# Model Evaluation

## Autoencoder Model Evaluation on Validation Set

Import Evaluation Metrics

In [None]:
from sklearn.metrics import roc_curve
from sklearn.metrics import auc
from sklearn.metrics import precision_recall_curve
from sklearn.metrics import average_precision_score

In [None]:
# Load models
device = torch.device('cuda:0' if torch.cuda.is_available() else 'cpu')

model_autoencoder_p2_v1 = Autoencoder_p2_v1()
model_autoencoder_p2_v1.load_state_dict(torch.load('model_name.pth'))

In [None]:
model_autoencoder_p2_v1

In [None]:
# Create validation dataloader
val_loader = DataLoader(dataset=x_val, shuffle=False, batch_size=BATCH_SIZE)

model_name = model_autoencoder_p2_v1

### Derive losses on validation dataset and true ato cases

In [None]:
_, val_loss = predict_batch(model_name, val_loader)
_, ato_loss = predict(model_name, x_test_ato)
_, all_loss = predict(model_name, x_test_all)

Transform losses to numpy arrays.

In [None]:
normal_losses = np.array(val_loss)
ato_losses = np.array(ato_loss)

Create labels for normal and ato cases

In [None]:
normal_label = np.zeros((normal_losses.shape), dtype=int)
ato_label = np.ones((ato_loss.shape), dtype=int)

Create true label and predictions scores for metrics calculation

In [None]:
y_true = np.concatenate((normal_label, ato_label))
y_score = np.concatenate((normal_losses, ato_losses))

### Derive false positive rate, true positive rate, thresholds and auc score

In [None]:
fpr, tpr, thresholds = roc_curve(y_true, y_score)

auc = auc(fpr, tpr)

Plot Roc curve

In [None]:
plt.figure(1)
plt.plot([0, 1], [0, 1], 'k--')
plt.plot(fpr, tpr, label='model_name (area = {:.3f})'.format(auc))

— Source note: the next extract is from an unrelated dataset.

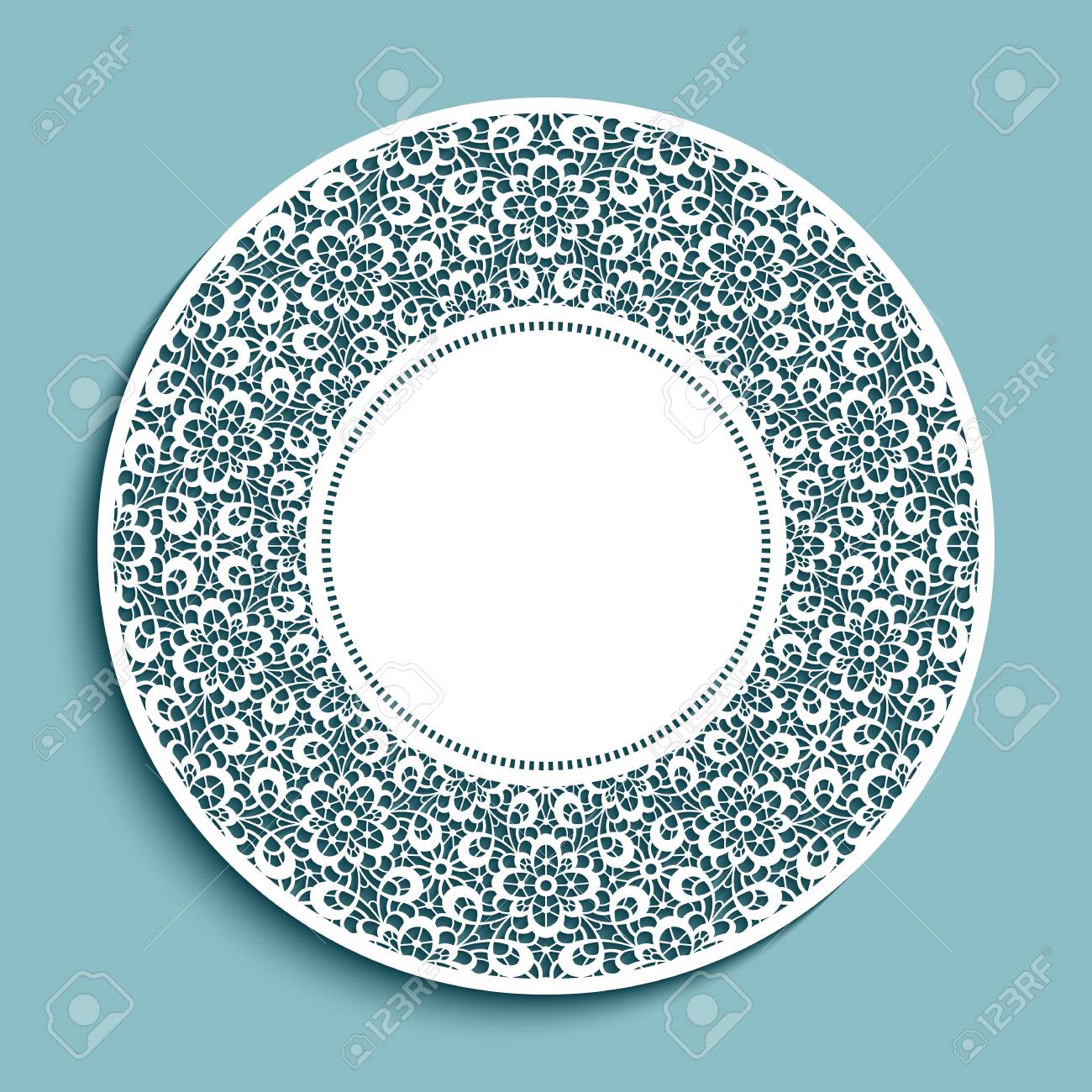 Greeting Card Or Wedding Invitation Design With Ornate Lace Edge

plt.xlabel('False Positive Rate')
plt.ylabel('True Positive Rate')
plt.title('ROC curve')
plt.legend(loc='best')
plt.show()

### Derive Recall, Precision, thresholds and F1-Score

In [None]:
precision , recall, thresholds_2 = precision_recall_curve(y_true, y_score)

f1_score = 2*np.multiply(precision, recall)/(precision + recall)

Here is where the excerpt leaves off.